Ils sont presque oubliés ces « sept ans de malheur » au moment de découvrir le résultat. Le chantier de l’église de Carmes aura quand même coûté près de 4 millions d’euros alors que le marché initial passé avec l’entreprise ponote Le Compagnon était à 1,19 million, somme à laquelle s’ajoutaient deux avenants pour arriver à 1,4 million. La Ville du Puy aura eu chaud. Grâce à plusieurs financements obtenus, notamment une rallonge de la région Auvergne Rhône-Alpes, elle évite une charge qu’elle aurait eu du mal à absorber.

Région, Département, État (avec le Plan de relance), Drac ont mis la main à la poche. Le reste à charge étant de 1,9 million HT, la ville a sollicité à nouveau la Région pour 1.140.000 euros. Une souscription de la Fondation du patrimoine a permis de collecter à ce jour 33.951 euros. La facture s’élèverait donc pour la collectivité locale à 815.000 euros. Le maire Michel Chapuis a fait preuve d’abnégation face aux critiques dont il a été l’objet depuis des années, mais il sait que d’autres épreuves l’attendent, avec d’autres églises : Saint-Laurent, le Collège en particulier.

Remettre l’église au centre du quartier

« La Région assume totalement son engagement et la volonté de sauver notre patrimoine religieux, de la même manière qu’elle l’a fait avec la statue Saint-Joseph d’Espaly », assure Laurent Wauquiez qui s’est rendu sur place à l’occasion de la fin du chantier. Le représentant de la région en profitait pour annoncer d’autres travaux : la réalisation désormais de l’éclairage pour mettre en valeur la façade de l’église, dans la continuité de l’éclairage du tribunal de commerce et du petit pont. Une réflexion est menée pour repenser l’environnement de l’église, réaliser une jonction avec le pont des Carmes et pourquoi pas offrir à l’édifice le parvis qui lui fait défaut aujourd’hui tout en maintenant la circulation. L’aménagement tient compte de la via Dolaizon qui est lancée (cheminement sur les rives de la rivière venant de Vals).L’église, délestée des échafaudages, se dévoile. Ses deux tours octogonales s’élancent face à la vierge.

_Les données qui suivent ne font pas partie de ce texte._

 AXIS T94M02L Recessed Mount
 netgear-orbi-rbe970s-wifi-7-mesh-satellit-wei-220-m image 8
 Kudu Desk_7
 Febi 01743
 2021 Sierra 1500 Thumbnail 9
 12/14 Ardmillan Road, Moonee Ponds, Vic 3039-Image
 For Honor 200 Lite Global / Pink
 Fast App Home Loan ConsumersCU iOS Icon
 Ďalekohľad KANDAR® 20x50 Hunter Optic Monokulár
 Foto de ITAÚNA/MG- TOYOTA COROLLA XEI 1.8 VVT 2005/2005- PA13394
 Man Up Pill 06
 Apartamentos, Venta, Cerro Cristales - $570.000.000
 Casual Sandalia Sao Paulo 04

La rénovation des Carmes a fait l’objet de bien des débats, à commencer par le projet lui-même. L’opposition municipale proposait de repenser la façade. Les pierres friables rendaient le projet architectural difficile. L’édifice avait perdu ses balustres de couronnement dentelées et s’en trouvait défiguré.

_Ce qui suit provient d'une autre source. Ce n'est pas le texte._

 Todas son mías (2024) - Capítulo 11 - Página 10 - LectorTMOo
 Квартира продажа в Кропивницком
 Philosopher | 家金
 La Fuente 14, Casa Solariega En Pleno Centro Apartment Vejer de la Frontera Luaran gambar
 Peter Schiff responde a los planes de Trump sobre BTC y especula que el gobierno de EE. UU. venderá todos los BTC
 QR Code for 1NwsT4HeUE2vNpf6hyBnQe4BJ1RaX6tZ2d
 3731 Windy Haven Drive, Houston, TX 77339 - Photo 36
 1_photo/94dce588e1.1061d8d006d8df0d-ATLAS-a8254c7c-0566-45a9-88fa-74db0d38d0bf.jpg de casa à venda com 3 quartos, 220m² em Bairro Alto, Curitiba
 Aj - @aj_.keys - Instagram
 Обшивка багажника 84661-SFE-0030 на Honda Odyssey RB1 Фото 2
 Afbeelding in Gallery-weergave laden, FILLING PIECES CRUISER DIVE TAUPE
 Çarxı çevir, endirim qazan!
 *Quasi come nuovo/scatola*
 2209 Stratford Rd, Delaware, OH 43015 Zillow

Une des particularités du travail des artisans est d’avoir enduit les pierres d’une patine, à base de lait de chaux. « On est venu nourrir et protéger la pierre de l’extérieur », indique Benoît Descours de la société Demars (Marcilly-le-Châtel). « Des pierres craignent davantage la capillarité comme la pierre de Polignac et d’autres. Elles étaient traditionnellement badigeonnées », ajoute Fabien Michel (Saint-Pierre-Eynac). Les deux entreprises spécialisées dans la taille de pierre sont intervenues de concert, chacune sur une tour. Elles ont repris le chantier qu’avait abandonné l’entreprise Le Compagnon (après un dépôt de bilan). Toute la partie démolition avait été déjà réalisée quand le projet a été repris en 2022. Les artisans sont partis d’une modélisation préalable au chantier proprement dit. Quand l’un d’eux parle de pierre de Polignac, en réalité c’est de la pierre de Turquie qui a été utilisée aux Carmes pour la reconstruction des tours.L'église des Carmes vue du ciel

Explication de Fabien Michel : « S’il y a des pierres à Polignac, ce n’est pas pour autant qu’elles sont faciles à exploiter. Il aurait fallu s’y prendre beaucoup plus tôt pour puiser dans le gisement local. Il n’est pas sûr que nous ayons pu avoir les volumes souhaités. Beaucoup de pierres font plus d’une tonne sur ce chantier ». Laurent Wauquiez appelle pour sa part de ses vœux la réouverture de carrières en France, mais là est un autre débat qui dépasse les frontières du bassin ponot. Or, il fallait bien terminer l’église. Le chantier des Carmes, c’est 200 m³ de pierres de taille issues de 600 tonnes de pierres brutes, 800 tonnes de matériaux, « un des dix plus importants en France » en termes de taille de pierre, parmi lesquels figure celui de Notre-Dame-de-Paris.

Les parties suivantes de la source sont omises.